▶ [What to produce]
Within these entries, which lines include the string "Hair"? Copy each one.

Brief descriptive captions
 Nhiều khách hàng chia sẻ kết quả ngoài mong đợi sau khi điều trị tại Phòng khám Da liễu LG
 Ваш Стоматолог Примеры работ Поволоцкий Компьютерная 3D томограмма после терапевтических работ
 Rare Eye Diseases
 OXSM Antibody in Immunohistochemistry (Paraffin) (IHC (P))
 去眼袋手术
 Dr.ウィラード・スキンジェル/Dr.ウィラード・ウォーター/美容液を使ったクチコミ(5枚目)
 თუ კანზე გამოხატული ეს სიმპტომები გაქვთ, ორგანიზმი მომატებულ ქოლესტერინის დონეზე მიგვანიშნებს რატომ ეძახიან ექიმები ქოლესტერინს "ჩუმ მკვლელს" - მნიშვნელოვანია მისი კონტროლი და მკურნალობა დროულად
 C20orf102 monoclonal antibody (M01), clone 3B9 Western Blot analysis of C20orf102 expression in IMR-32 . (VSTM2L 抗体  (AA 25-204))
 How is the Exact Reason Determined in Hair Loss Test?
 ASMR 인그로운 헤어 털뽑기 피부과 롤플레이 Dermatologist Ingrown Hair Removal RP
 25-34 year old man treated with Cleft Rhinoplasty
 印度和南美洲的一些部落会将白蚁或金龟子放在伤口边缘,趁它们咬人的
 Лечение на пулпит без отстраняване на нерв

▶ [Task result]
 How is the Exact Reason Determined in Hair Loss Test?
 ASMR 인그로운 헤어 털뽑기 피부과 롤플레이 Dermatologist Ingrown Hair Removal RP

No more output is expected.